"We can settle those minor details when the great cause is won," said the yellow horse. "Let us return simply but grandly to our inalienable rights — the right o' freedom on these yere verdant hills, an' no invijjus distinctions o' track an' pedigree:"
"What in stables 'jer call an invijjus distinction?" said the Deacon, stiffly.
"Fer one thing, bein' a bloated, pampered trotter jest because you happen to be raised that way, an' couldn't no more help trottin' than eatin'."
"Do ye know anythin' about trotters?" said the Deacon.
"I've seen 'em trot. That was enough for me. I don't want to know any more. Trottin' 's immoral."
"Waal, I'll tell you this much. They don't bloat, an' they don't pamp — much. I don't hold out to be no trotter myself, though I am free to say I had hopes that way — onct. But I do say, fer I've seen 'em trained, that a trotter don't trot with his feet: he trots with his head; an' he does more work — ef you know what that is — in a week than you er your sire ever done in all your lives. He's everlastingly at it, a trotter is; an' when he isn't, he's studyin' haow. You seen 'em trot? Much you hev! You was hitched to a rail, back o' the stand, in a buckboard with a soap-box nailed on the slats, an' a frowzy buff'lo atop, while your man peddled rum fer lemonade to little boys as thought they was actin' manly, till you was both run off the track an' jailed — you intoed, shufflin', sway-backed, wind-suckin' skate, you!"

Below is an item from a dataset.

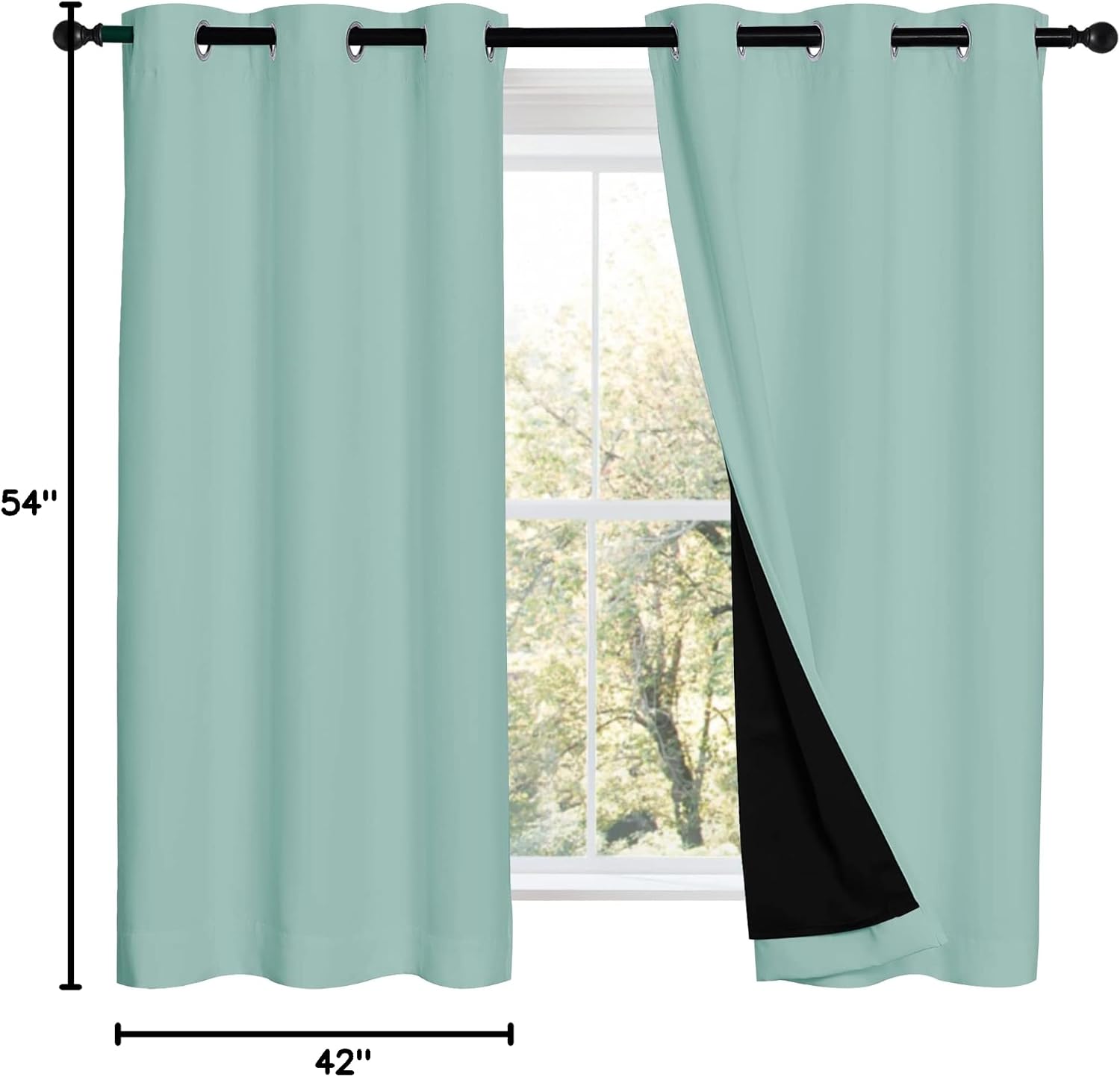 Nicetown 100% Blackout Curtains 54 inches Long, Double-Deck Completely Blackout Window Treatment Thermal Insulated Lined Drapes for Small W…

"Don't get het up, Deacon," said Tweezy, quietly. "Now, suh, would you consider a fox-trot, an' single-foot, an' rack, an' pace, an' amble, distinctions not worth distinguishin'? I assuah you, gentlemen, there was a time befo' I was afflicted in my hip, if you'll pardon me, Miss Tuck, when I was quite celebrated in Paduky for all those gaits; an in my opinion the Deacon's co'rect when he says that a ho'se of any position in society gets his gaits by his haid, an' not by — his, ah, limbs, Miss Tuck. I reckon I'm very little good now, but I'm rememberin' the things I used to do befo' I took to transpo'tin' real estate with the help an' assistance of this gentleman here." He looked at Muldoon.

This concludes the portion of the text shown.